When open enrollment began in October, there were glitches and confusion. People were kicked out mid-enrollment online or couldn't get past the first few screens. Most of that has subsided.
"I think some people gave up before," Wrobel said. "Now, we're able to sit with them, enroll them, let them pick their plans."
Wrobel said word of mouth is helping build momentum in these final signup days.
"We are starting to see people who got it in January – they're telling their friends," she said. "They're calling, saying, 'You helped them. Can you help us?'"
The health center has been hosting coffee talks and setting enrollment appointments.
"The system and process are working," she said.
Wrobel said the navigators who remain working after the close of enrollment will move into an educational phase.
"People are going to need some help understanding what this insurance card actually means," she said. "If you've never had an insurance card, it's different."
In Indiana, some people are falling in a gap, because the state has not chosen to expand Medicaid. As many as 300,000 Hoosiers make too little money to qualify for federal tax credits in the marketplace and too much money to qualify for Medicaid, according to the Indiana Hospital Association.

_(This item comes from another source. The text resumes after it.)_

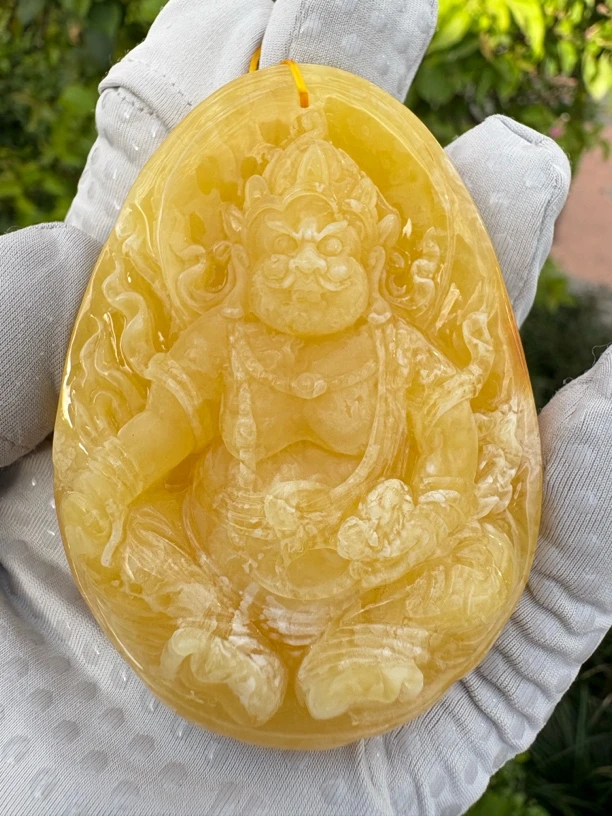 假一赔十，天然琥珀蜜蜡，蜜蜡雕刻件，蜜蜡黄财神 编号330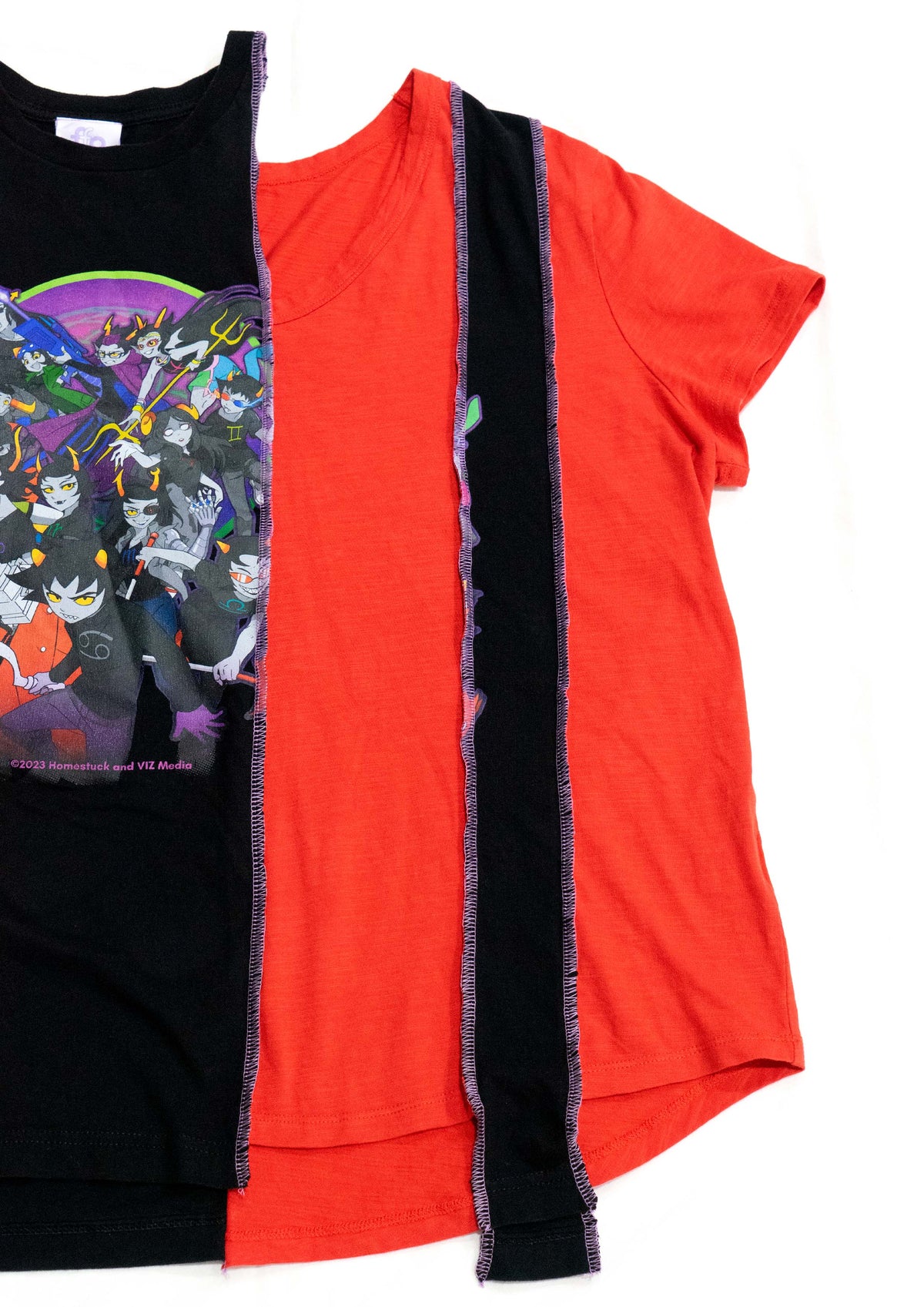 Reimagined upcycled tee - red & black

The association last week announced the launch of Expand Indiana, a statewide campaign to educate people on the importance of expanding health care coverage in Indiana.
Gov. Mike Pence met Feb. 21 with Secretary of Health and Human Services Kathleen Sebelius, to talk about the role of the state's Healthy Indiana Plan in bringing coverage to more Hoosiers.
The state calls the plan, known as HIP, "a consumer-directed alternative to Medicaid that has shifted the Medicaid paradigm in Indiana."